J'ai découvert un très beau poème aujourd'hui :

Francis Jammes - "Clairières dans le ciel" a écrit: Une goutte de pluie frappe une feuille sèche,
lentement, longuement, et c’est toujours la même
goutte, et au même endroit, qui frappe et s’y entête…

Une larme de toi frappe mon pauvre cœur,
lentement, longuement, et la même douleur
résonne, au même endroit, obstinée comme l’heure.

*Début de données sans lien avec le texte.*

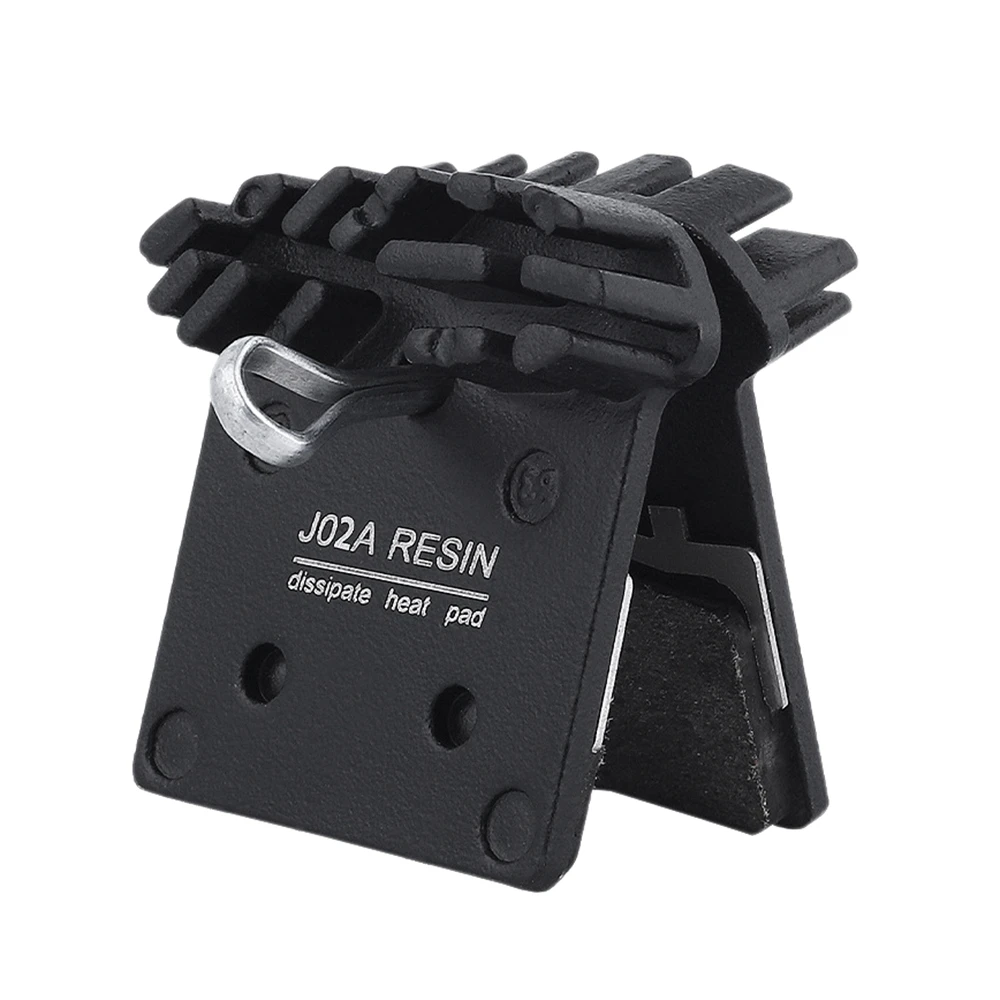 -A14E MTB Bike Resin Disc Brake Pads Ice Tech Bicycle Hydraulic Cooling Brakes Pad J02A For SLX Deore XT XTR M8000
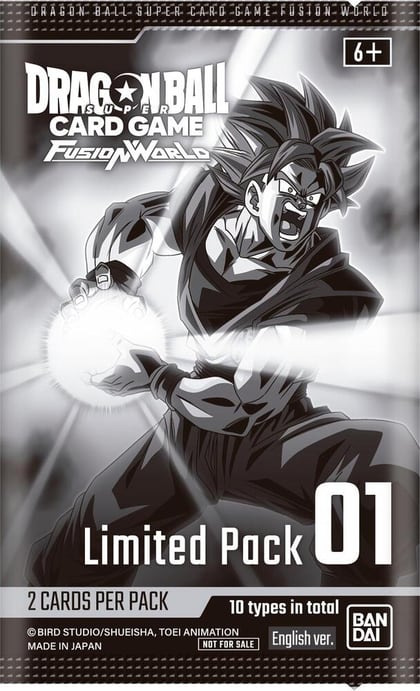 Limited Pack 01, Tournament and Championship Promos P626553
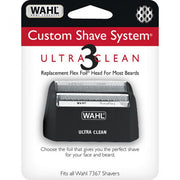 Light Gray Wahl Ultra Clean Foil Replacement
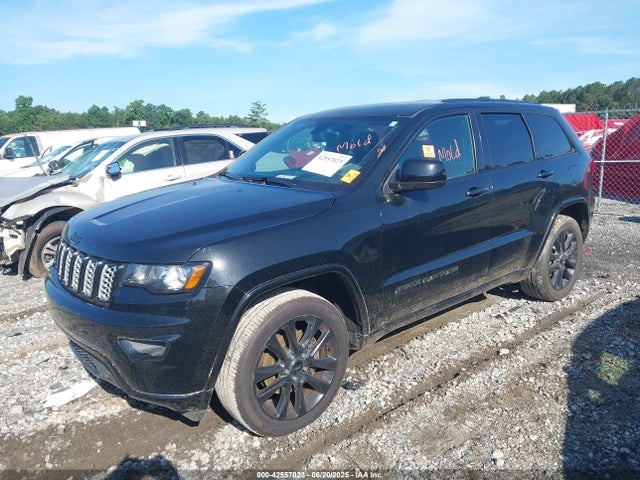 1C4RJEAG7JC141371 Jeep 2018
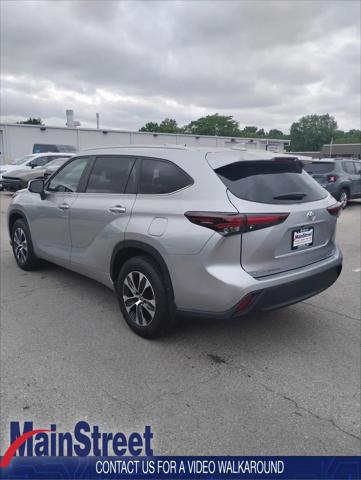 2025 Toyota Highlander XLE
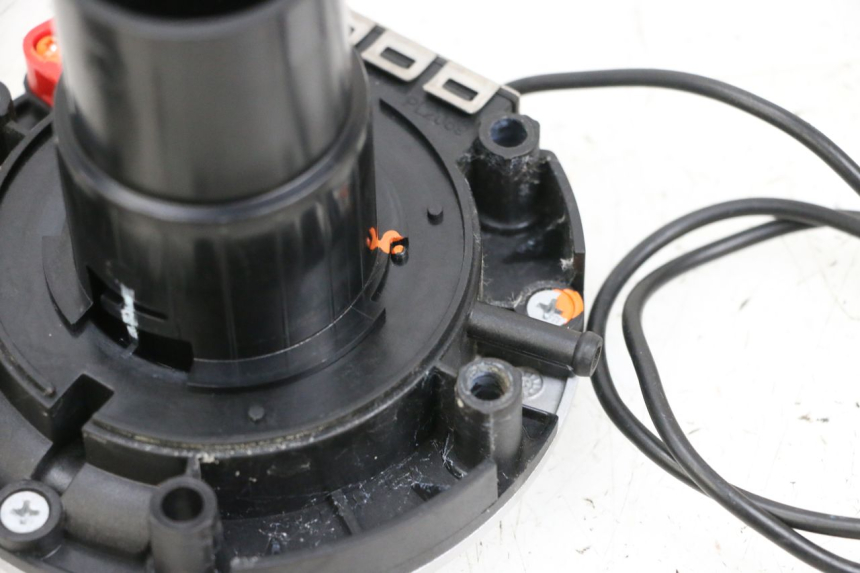 photo de FUEL TANK CAP BMW R GS 1250 (2021 - 2024) - Technical close-up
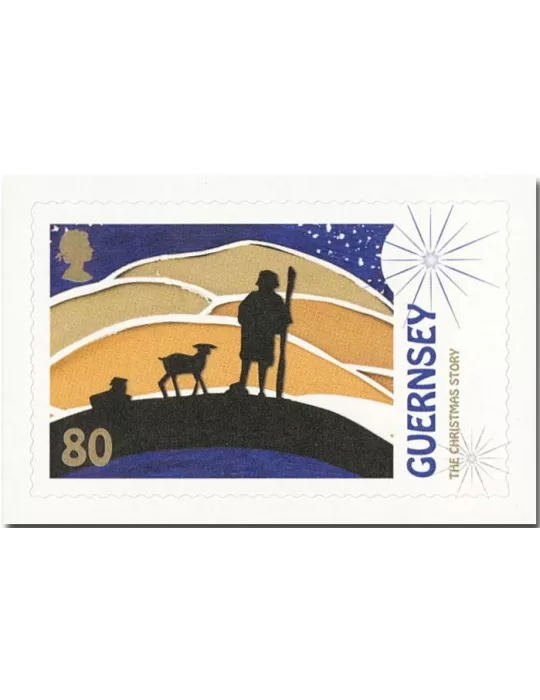 n° 1773/1779 - Timbre GUERNESEY Poste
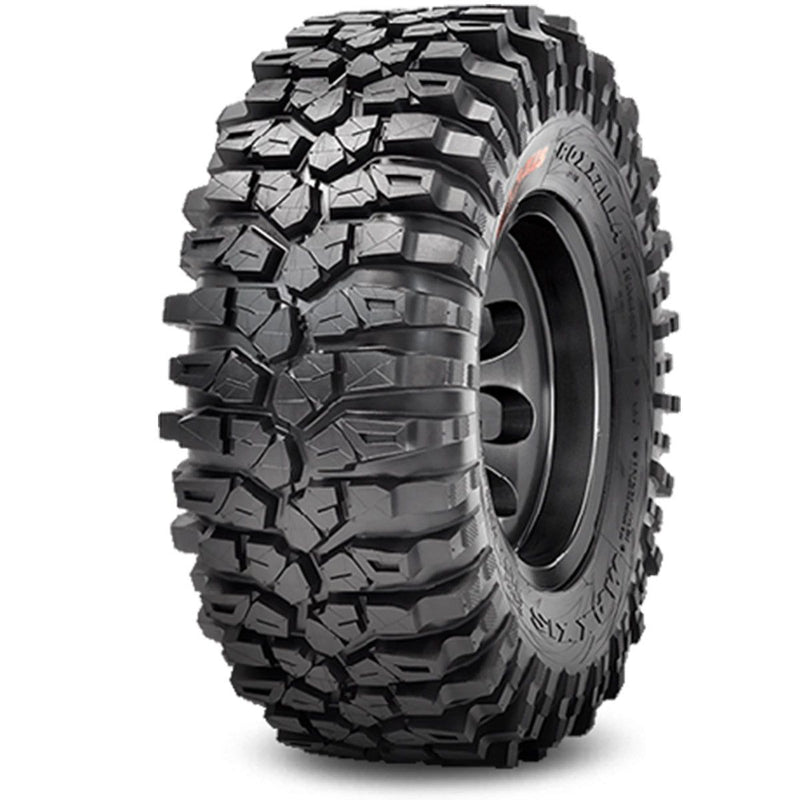 Load image into Gallery viewer, Set of 2 Maxxis Roxxzilla Rear ATV UTV Tires 35X10.00R14* 8Ply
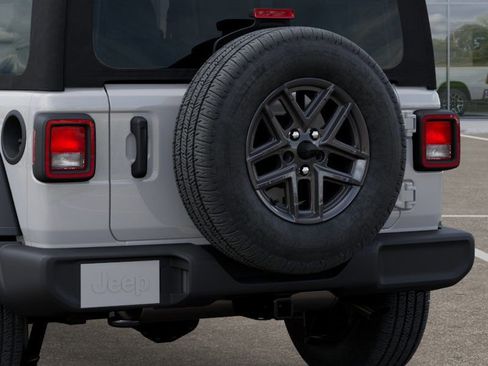 New 2025 Jeep Wrangler Sport S image 14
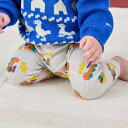 【drop2】BOBO CHOSES 2025AW 秋冬 ベビー服 Bobo Choo Choo all over leggings　レギンス | ベビーパンツ 子供 ベビー おしゃれ 80cm85cm90cm 人気ブランド 出産お祝い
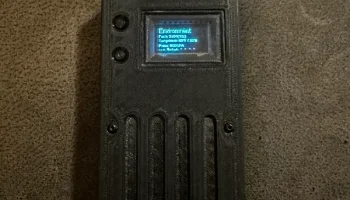 Корпус Heltec V3 и RAK 1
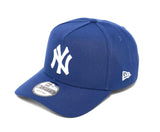 New York Yankees Royal 9FORTY New Era “A-Frame” Adjustable SnapBack
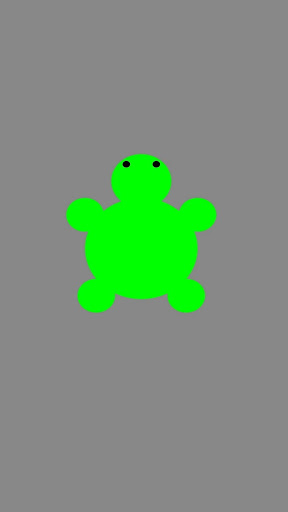 Spicy Turtle Pro Screen 3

La feuille aura raison de la goutte de pluie.
Le cœur aura raison de ta larme qui vrille :
car sous la feuille et sous le cœur, il y a le vide.

Merci, tu m'as ravie.
J'aime beaucoup les poèmes sur la pluie, que ce soit le fameux de Verlaine, ou un moins connu de Jean Richepin :

Jean Richepin - "La chanson des gueux" a écrit:Ce que dit la pluie

M'a dit la pluie : Écoute
Ce que chante ma goutte,
Ma goutte au chant perlé.
Et la goutte qui chante
M'a dis ce chant perlé :
Je ne suis pas méchante,
Je fais mûrir le blé.

Ne sois pas triste mine
J'en veux à la famine.
Si tu tiens à ta chair,
Bénis l'eau qui t'ennuie
Et qui glace ta chair ;
Car c'est grâce à la pluie
Que le pain n'est pas cher.

Le ciel toujours superbe
Serait la soif à l'herbe
Et la mort aux épis.
Quand la moisson est rare
Et le blé sans épis,
La paysan avare
Te dit : Crève, eh ! tant pis !

Mais quand avril se brouille,
Que son ciel est de rouille,
Et qu'il pleut comme il faut,
Le paysan bonasse
Dit à sa femme : il faut,
Lui remplir sa besace,
Lui remplir jusqu'en haut.

M'a dit la pluie : Écoute
Ce que chante ma goutte,
Ma goutte au chant perlé.
Et la goutte qui chante
M'a dit ce chant perlé
Je ne suis pas méchante,
Je fais mûrir le blé.

Une chanson, douce et dure, en forme de leçon.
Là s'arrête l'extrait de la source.